ICE has facilities located in hundreds of county jails around the country, building a dependency among counties on the money paid for housing detainees. The city councils of Hoboken and Jersey City protested when Hudson County, New Jersey, supervisors (all Democrats) voted last July to renew its ICE detention contract. “The county and cities shouldn’t be in the business of profiting off human misery,” Jersey City Mayor Steve Fulop told the New York Times. Sacramento was receiving $6.6 million annually from ICE before it canceled its contract in June. Other contracts have also been canceled in Santa Ana, Virginia and Texas.
The vigils at the West County Detention Facility went on longer than protests at any other county jail. “They created a monthly platform,” Lee explains, “where detainee families could come and ask for support. A consistent, regular event provided a place where people who weren’t necessarily activists could participate. People brought their children, made their own signs, and came to play music. Often one person from a congregation would come at first, and then go back and recruit others. From the beginning, we were committed to the long haul.”

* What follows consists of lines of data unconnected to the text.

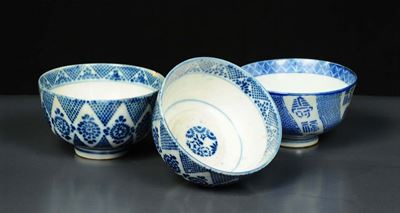 Coppia di Ciotoline in Porcellana Bianca e Blu e Ciotolina Diversa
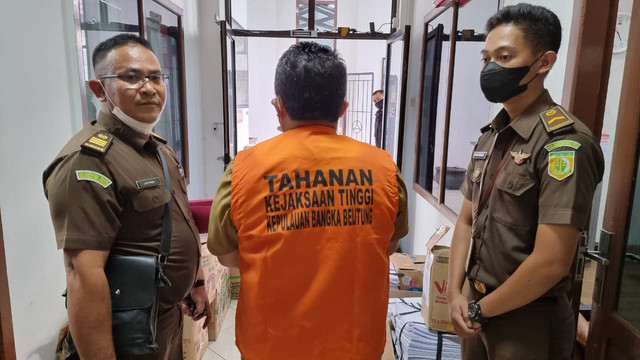 Oknum ASN PUPR Babel saat dilakukan penahanan oleh penyidik pidsus Kejati Babel. (Ist)
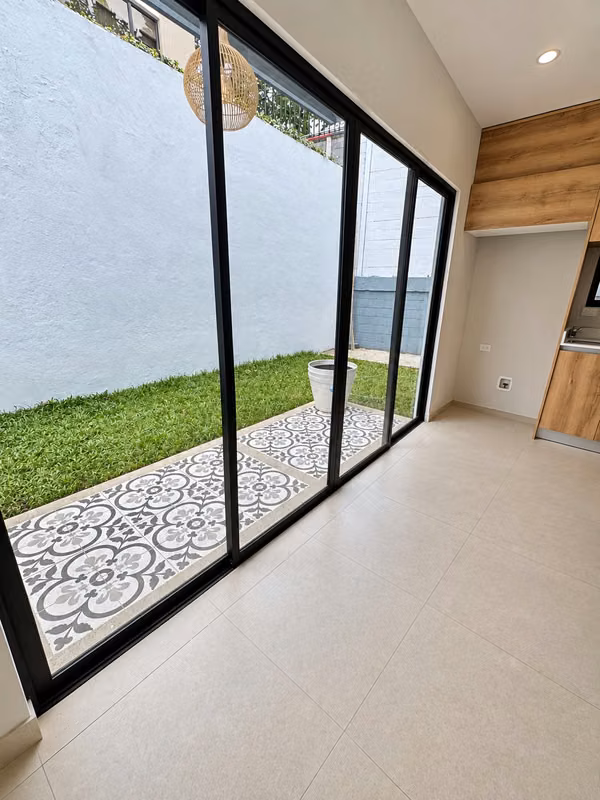 VENTA DE CASA EN SANTA ANA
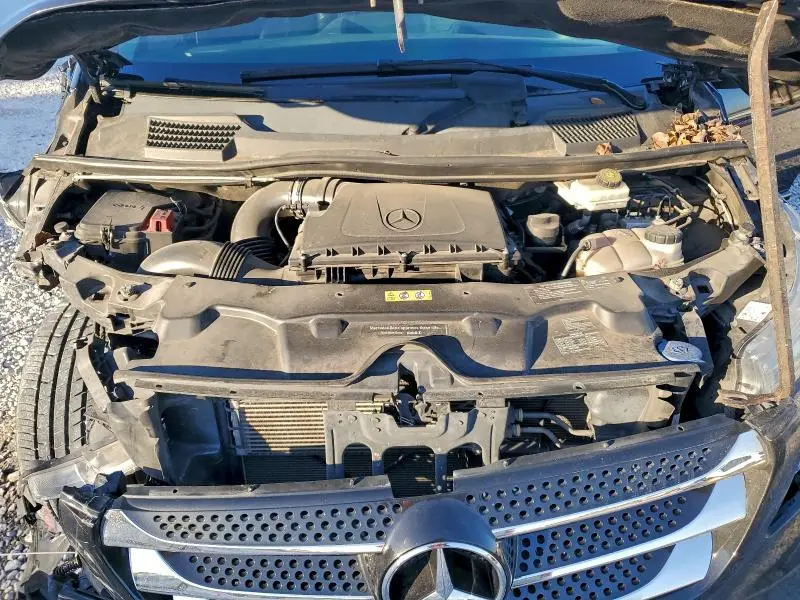 2016 MERCEDES-BENZ METRIS   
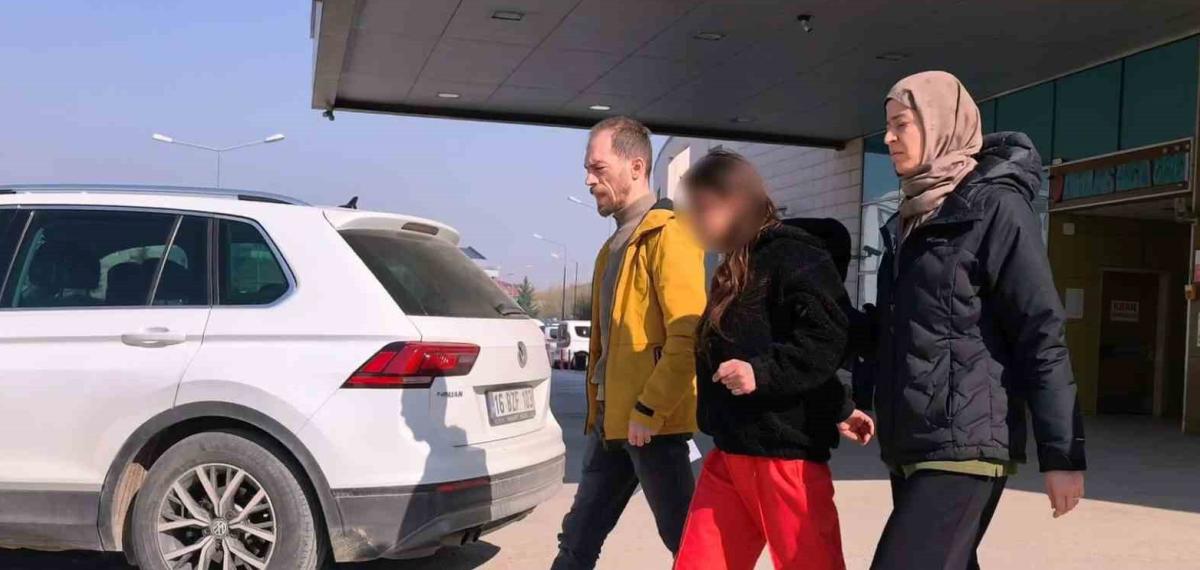 Bursa’da Genç Kızların Bıçaklı Kavgası: 1 Tutuklama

Lee relied on faith congregations as a base, and each month appealed to one of them to take responsibility for the vigil. As the vigils gained momentum and before they were successful, Lee explained why congregations were morally obligated to be involved: “Since the detention center is in our community, we can’t look away. We have to own it, to scrutinize and examine what goes on inside, and be involved with the detainees and their families. Ultimately, we have to force our local authorities to divest and get out of the business of detention, and stop collaborating and making money from it. It’s not impossible. It’s something that people can do to end the detention system.”
Supporters of Lourdes Barraza and her husband Fernando were able to raise the bond to get him released. He came to the next vigil to show support for other families, holding his youngest daughter.
Alexa Lopez hoped her father, Raul, would be released in time to celebrate her quinceñera (15th birthday). After the Contra Costa County Sherriff announced he was closing the center some detainees were released on bond, but to the dismay of Alexa and her mother, Raul was not one of them, and he was transferred to Colorado.
Liliana comforted her niece after she saw her mother for the first time in 8 months. Her mom was not released, however.
Family members of detainees called on ICE to release their loved ones after it was announced the center would close.
Rev. Deborah Lee, the vigil organizer and director of the Interfaith Movement for Human Integrity.
Other faith activists outside the detention center the day it closed.
Kara Hernandez and her son Victor Jr. came to the last vigil with her husband, Victor, who had just been released before the immigration detention center was closed.
Victor Hernandez embraced Hugo Aguilar during the last vigil, showing the friendship that had developed between them during months inside.
Hulissa Aguilar came to a vigil to ask for help to get her father Hugo released. After raising the bond and getting him out, the family was reunited at the last vigil, together with Hugo’s sister Isela and brother Gonzalo.
The Sherriff put up a fence to keep vigil participants out of the parking lot and away from the detention center, after he was forced by county supervisors to end the contract with ICE to run it.
Hulissa Aguilar and Victor Hernandez, along with many vigil participants, tied ribbons to the fence after writing messages on them expressing support for the families of other detainees.